So maybe we need some Christians to stand up and address the issue at large from the perspective of societal effect, not religious effect, showing love for the people, and not the "belief".
I do believe that Christians do need to take a stand to protect the religious freedom that is given to us, to a certain extent, in the Spirit of Christ of course; however, there will come a day when this freedom will be taken away. Will we still be trying to fight to get that freedom back, or will we simply be trying to live out our faith, and love out our faith? Without housing a "losers" mentality, is the Church going to "fight" this forever? Our focus needs to be eternal, the question is, how does that fit?

Robin said...

Good dialogue, guys. AP, you mentioned the idea of "civil unions" as opposes to "marriage" as though it was a new idea. I've actually heard this idea come up more than once in the news and basically the homosexual community thinks it's a joke. It's not that they just want the rights and freedoms (eg spousal benefits on taxes and such) of married people; in their eyes letting them marry makes them "equal" to heterosexuals in the eyes of society while a "civil union" puts them in another category on the outskirts of society.

I say all this not as someone in support of homosexual marriage but just as a way of clarifying the issue.

Aaron Perry said...

hey whitey. i did not intend to pass this as an original idea...it is not in the least. it is simply one i can affirm while thinking theologically.

b.rando said...

good comments angela, and thanks for the clarification whitey.

ap, i agree with you about speaking against govm't hubris and all that you said. i could easily get on board with that. but i'm not sure how often i hear that argument among the christian community. i wish i heard it more. i think it is a great reason to be active in the political arena. this seems to be for christians, however, a fight about the morality of homosexual marriage, not about government overstepping their bounds. this is the kind of fight i was referring to in my original post. a fight for morality is, in my opinion, a losing battle without love.

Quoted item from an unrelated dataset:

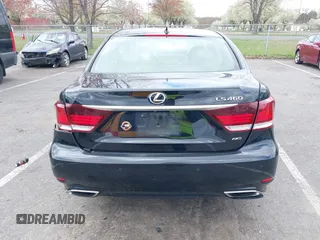 2017 Lexus LS 460 z VIN JTHCL5EF2H5028166, wystawiony jako IAAI lot #42049415 z przebiegiem 205 982 mil mil oraz . Historia ofert i sprzedaży dostępna na DreamBid. Obrazek 16.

here's something i've been thinking on lately regarding this dicussion. i remember having a conversation with my dad one time about the different denominations and how some are so legalistic and conservative and others are at the other extreme. he said something to the effect of, "maybe God has these different groups in place to show the church (or world)something." we were talking specifically of groups like the pilgrim holiness church i grew up in or the strict mennonite and amish communities. they seem so estranged from society. my dad's comment helped me to see the good in them instead of focusing on what i disagreed with or didn't like.

and i wonder, is this issue similar? does God perhaps give some people a passion for protecting the sanctity of marriage and others a passion for loving the outcasts? does God give people (or lead people into)passions or convictions that we sometimes see as conflicting so that the church will be a more well-rounded whole?

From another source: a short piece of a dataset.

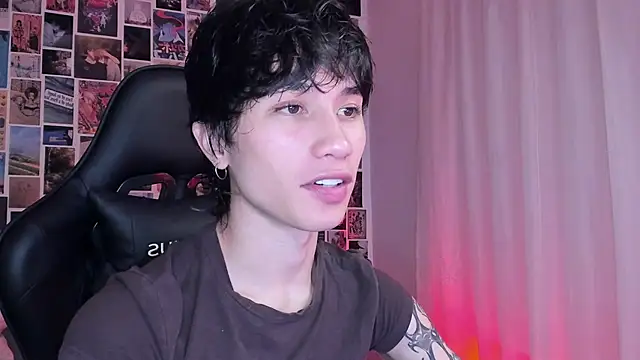 Snapshot of liamelf chatting on February 13, 2025, 5:16 am liamelf online show from February 13, 2025, 5:16 am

i like to think so. as i have experienced this discussion, i realize that i have weak points in my belief system. there are components i struggle with and haven't found resolve for. but there is still an underlying conviction that i haven't found an answer for. is it better for me to fight for a moral conviction or love for an eternal relationship? those two may not need to be mutually exclusive, but i suspect that in the eyes of many homosexuals they are. so i find myself torn between feeling responsible to take action politically and feeling responsible to show love to the homosexual community above anything else. i have not found resolution yet. so i continue to question, to search, to explore. thank you all for your help in this process.